Um dia destes o editorialista de um jornal da diáspora explicava que o “mercado da saudade no Luxemburgo acabou”, pois no Grão-Ducado, ao contrário do que acontece nos restantes destinos de emigração, a concentração tão elevada de portugueses, com tudo o que isso implica, pode fazer com que “as saudades se resumam ao sol, à praia e pouco mais”.
A reflexão vinha a propósito de um duplo concerto com Xutos & Pontapés e Resistência que registou uma afluência extremamente reduzida. No artigo explicava-se que com as curtas duas horas de distância que separam o Luxemburgo de Portugal nós temos tendência para ir ver os concertos lá.
Para continuar esta reflexão, socorro-me dos poemas dos Xutos: se de Bragança a Lisboa já não são nove horas de distância continua a ser mais rápido (e por vezes mais barato) chegar do Luxemburgo à capital portuguesa. Mas isto significa apenas que as saudades podem ser atacadas mais regularmente, mas que não se conseguem matar. Nem os concertos são uma prioridade quando vou a Portugal, assim como tenho tendência para não ir ver os filmes portugueses que coloquei na minha lista…
No momento de regresso de Portugal penso em trazer comigo produtos alimentares. Segundos depois digo de mim para comigo: “tens isso no supermercado no Luxemburgo a dois passos de casa”. Mesmo assim, não resisto a comprar mais umas natas, uns chocolates Regina e – se deixasse a minha mãe decidir – até trazia limões, batatas e nozes (confesso que isto já aconteceu, e mais do que uma vez).

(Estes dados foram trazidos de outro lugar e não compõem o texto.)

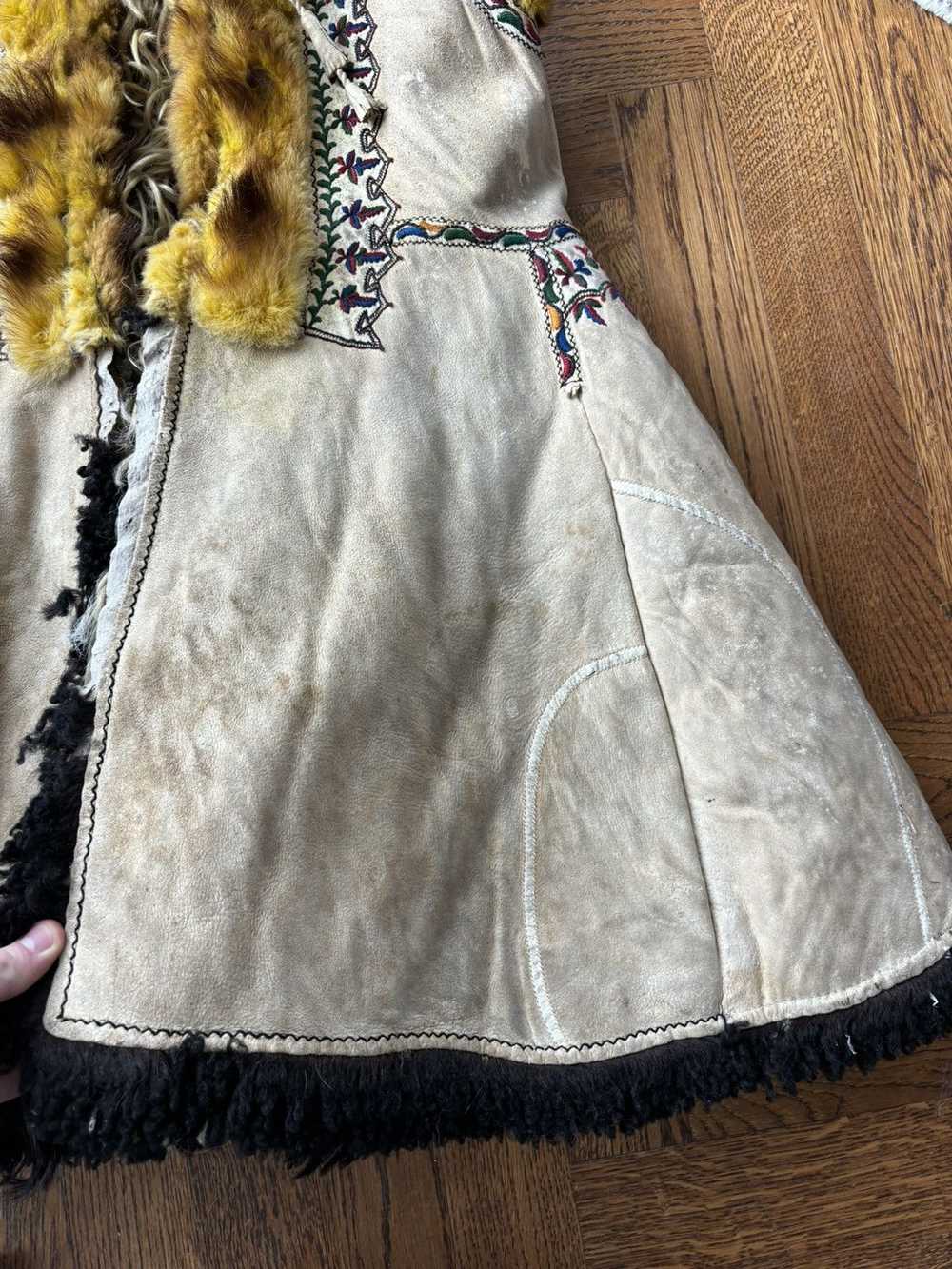 Antique × Sheepskin Coat × Vintage Antique Embroi… - image 12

O mercado da saudade está bem e recomenda-se. Os concertos de músicos portugueses nos destinos da diáspora não enchem salas como antes faziam, mas em Portugal também não. Um exemplo: Fonsi, o cantor de “Despacito”, teve este Verão menos de mil espetadores em Gondomar. As exceções em Portugal são os concertos de Verão e, este ano, os Guns’n-Roses surpreenderam com mais de 50 mil pessoas na plateia. Note-se que no nosso país, os números de afluência a concertos são apenas aqueles que são facultados pelos organizadores, já que os números de público não são auditados independentemente.
As exportações e vendas de produtos portugueses na diáspora também carecem de estatísticas, como já debati noutro artigo , o que impede qualquer análise fundamentada do mercado da saudade, contudo o aumento das exportações de produtos alimentares parece confirmar que os portugueses cá de fora continuam a comprar “coisas da sua terra”.
Mas o mercado da saudade é muito mais vasto do que comprar Sumol, Compal ou Água das Pedras, ou do que aquilo que a Wikipédia nos apresenta como a sua definição: mercado especializado em comercializar produtos típicos de uma nação para as comunidades daqueles países que vivem no estrangeiro. O regresso regular dos emigrantes a Portugal para verem a família faz parte desse mercado. Tal como as férias no Algarve. Tal como investir no imobiliário em Lisboa. Tal como ir à pastelaria que fabrica aqueles doces conventuais amarantinos da nossa infância. Tal como ficar emocionado quando recebemos pelo correio uma caixa de almendrados. Tal como publicar no Facebook a vista do nosso quarto de dormir em Chaves que não tem nada de especial mas que para quem lá volta uma vez por ano é a mais bonita do mundo.
Por falar nisso, tenho de reservar o meu voo para ir a Portugal no Natal…
Olha: os voos estão a mais de 400 euros! Pelos vistos as companhias aéreas sabem muito bem que ainda existe mercado da saudade.